Dès la première symphonie de l'enfant (K 16), on rencontre un mouvement lent d'une étrange gravité, attestant que, pour lui, la symphonie est déjà ce genre majeur de la musique « pure » qu'il deviendra effectivement dans les dernières œuvres de J. Haydn et de Beethoven. Dans plus de cinquante partitions symphoniques, il faut relever la première trilogie, ut majeur (K 173c), sol mineur (K 183) et la majeur (K 186a), comparable à celle de la fin de sa vie et couronnement de toute son œuvre symphonique, la symphonie en mi bémol (K 543), la plus « mozartienne » peut-être dans son langage harmonique et son utilisation des clarinettes, la symphonie en sol mineur (K 550), fiévreuse, sombre et préromantique à souhait, et la symphonie en ut majeur (K 551), surnommée « Jupiter » peut-être en raison de son extraordinaire finale fuguée, qui est une sorte de « limite », au même titre que la sonate opus 111 de Beethoven. Mais, dès la symphonie en ré (K 504), dite « de Prague », Mozart avait atteint des sommets de contrepoint expressif qui font présager la Flûte enchantée ; l'adagio introductif a la puissance et la majesté des plus grands mouvements beethovéniens.
Mozart était un pianiste et un organiste exceptionnels ; toutes ses pages dédiées au clavier sont à mettre à part dans ses compositions. Depuis l'étude de H. Dennerlein (Mozart-Jahrbuch, 1958), nous savons que bien des pages considérées comme des œuvres pour piano ont été, en fait, destinées à l'orgue, comme l'adagio en si mineur (K 540) ou le prélude et fugue en ut majeur (K 383a), ou surtout l'adagio et fugue en ut mineur (K 546/426), souvent joué à l'orchestre ou sur deux pianos, un des sommets de la musique contrapuntique magnifiant les timbres de l'orgue presque au même titre que les fantaisies en fa mineur (K 594 et K 608) qui servirent de modèle aux dernières sonates de Beethoven. Ces deux fantaisies, originairement destinées à un orgue mécanique à rouleaux permettent d'imaginer ce que serait devenu le style de l'orgue si Mozart avait obtenu d'être le titulaire d'un des grands instruments qu'il convoita. C'est dans ce contexte qu'il faut citer les deux pages pour « harmonica » ou « harpe de verre », instrument à clavier dont les petits marteaux frappaient des cloches de verre et qui est aujourd'hui remplacé par le célesta ; l'adagio et rondo (K 617) est un frère instrumental de l'Ave verum.

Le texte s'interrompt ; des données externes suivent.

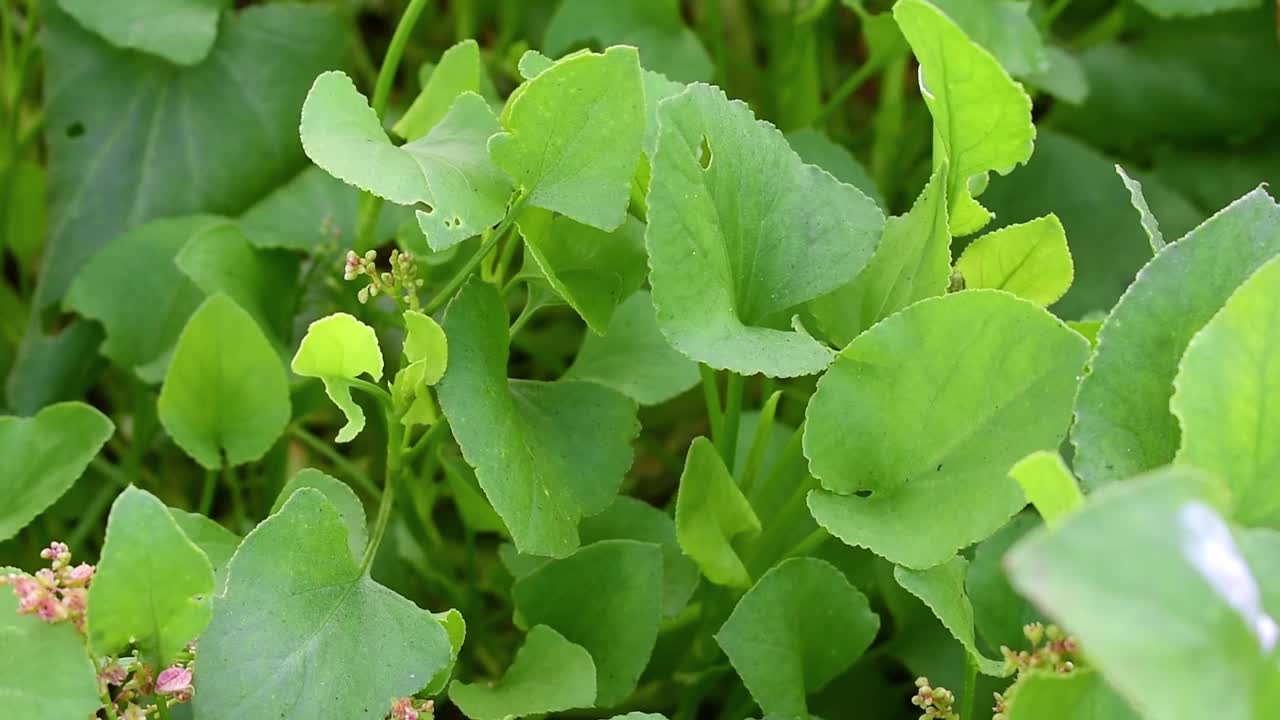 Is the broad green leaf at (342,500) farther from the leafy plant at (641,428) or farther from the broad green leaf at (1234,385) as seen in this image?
the broad green leaf at (1234,385)

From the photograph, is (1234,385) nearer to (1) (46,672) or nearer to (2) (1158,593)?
(2) (1158,593)

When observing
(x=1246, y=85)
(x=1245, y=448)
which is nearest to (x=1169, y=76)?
(x=1246, y=85)

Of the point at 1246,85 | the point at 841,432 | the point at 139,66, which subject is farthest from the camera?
the point at 1246,85

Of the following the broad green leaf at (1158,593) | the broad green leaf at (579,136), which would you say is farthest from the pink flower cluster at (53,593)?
the broad green leaf at (1158,593)

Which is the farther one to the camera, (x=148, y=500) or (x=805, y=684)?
(x=805, y=684)

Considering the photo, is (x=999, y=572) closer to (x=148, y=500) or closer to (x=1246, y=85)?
(x=148, y=500)

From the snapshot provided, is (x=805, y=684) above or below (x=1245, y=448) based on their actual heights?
below

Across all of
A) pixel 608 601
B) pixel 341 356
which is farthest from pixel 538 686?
pixel 341 356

Du quintette en mi bémol pour haubois, clarinette, cor, basson et piano (K 452), Mozart a écrit lui-même, dans une lettre à son père, qu'il le tenait pour « le meilleur qu'il avait écrit » et qu'il avait reçu « un accueil extraordinaire » ; il ajoute même qu'il « s'est fatigué en le jouant » … C'est un modèle de perfection formelle, un véritable enchantement sonore, et pourtant une musique dont le message spirituel est proche des œuvres pour clarinette et du dernier concerto pour piano. Quelques mois plus tard, Mozart inventa le quatuor pour trio à cordes et piano en le dotant immédiatement d'un bouleversant chef-d'œuvre en sol mineur (K 478). Un merveilleux trio pour piano, clarinette et alto (K 498), que le musicien aurait composé pendant une partie de quilles, est un modèle de musique de chambre où les trois partenaires ont une importance rigoureusement égale comme dans les plus beaux de ses trios pour violon, violoncelle et piano, ceux en mi majeur (K 542) et en ut majeur (K 548), musique « profonde » s'il en est, mais qui n'oublie jamais qu'il faut d'abord que cela sonne et qu'on ait plaisir à la jouer ; on peut très bien ne jamais vivre la « profondeur » de ces pages et pourtant les apprécier pleinement. Le trio en mi anticipe Cosi et le trio en ut la Flûte enchantée ; le dépouillement de ce dernier fait parfois songer à A. von Webern.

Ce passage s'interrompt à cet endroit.